* _Data provided_:
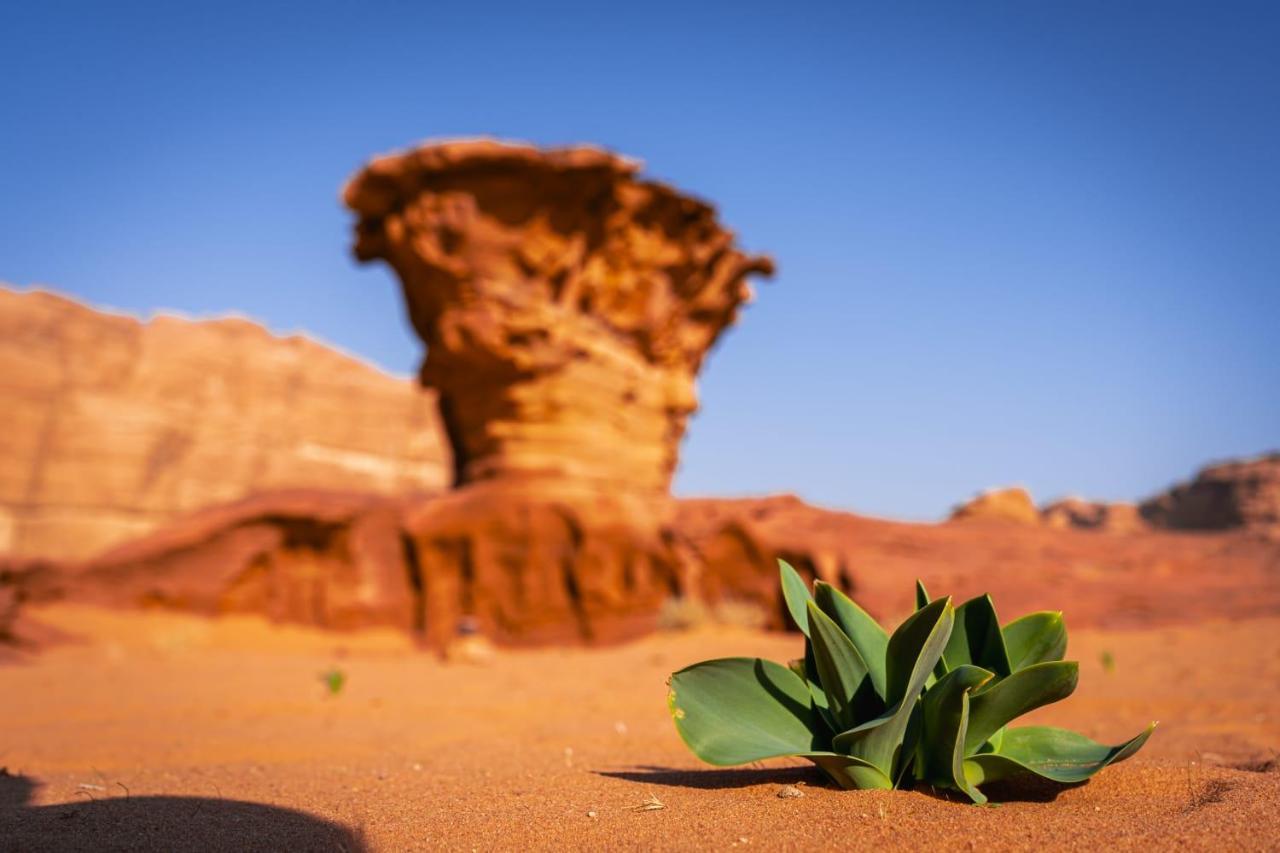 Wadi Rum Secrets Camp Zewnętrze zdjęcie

==

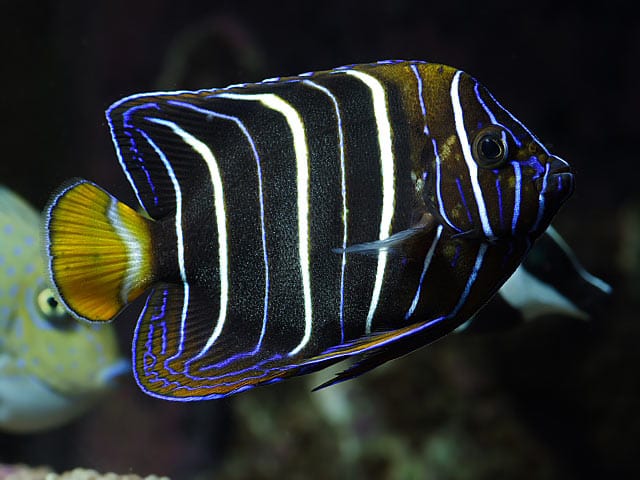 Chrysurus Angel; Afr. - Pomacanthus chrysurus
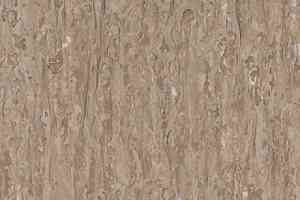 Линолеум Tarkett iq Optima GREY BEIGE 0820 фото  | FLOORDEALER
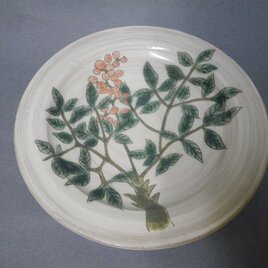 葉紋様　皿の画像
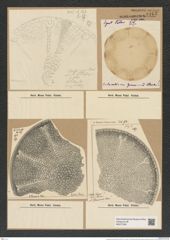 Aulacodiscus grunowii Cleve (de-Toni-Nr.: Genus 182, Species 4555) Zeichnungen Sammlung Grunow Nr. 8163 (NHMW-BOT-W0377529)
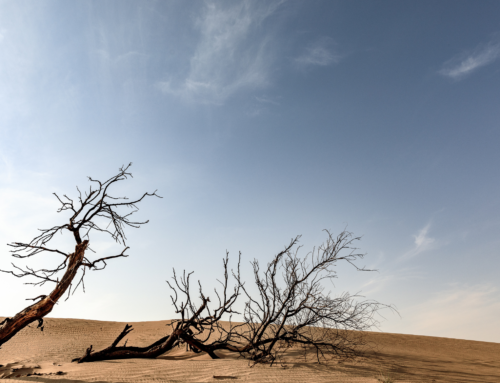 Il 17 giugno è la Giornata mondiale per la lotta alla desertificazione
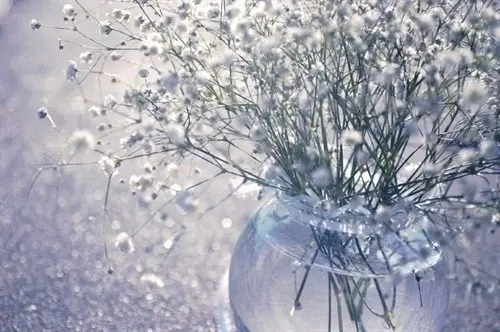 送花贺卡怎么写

...

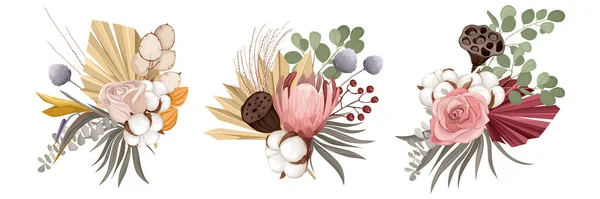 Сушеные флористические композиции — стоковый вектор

* _What the task asks_:
In the entries above, find the line that contains "Chrysurus Angel; Afr." and the line that contains "Aulacodiscus grunowii Cleve". Reproduce exactly those two lines and every line between them, but not the pictures.

* _The answer_:
 Chrysurus Angel; Afr. - Pomacanthus chrysurus
 Линолеум Tarkett iq Optima GREY BEIGE 0820 фото  | FLOORDEALER
 葉紋様　皿の画像
 Aulacodiscus grunowii Cleve (de-Toni-Nr.: Genus 182, Species 4555) Zeichnungen Sammlung Grunow Nr. 8163 (NHMW-BOT-W0377529)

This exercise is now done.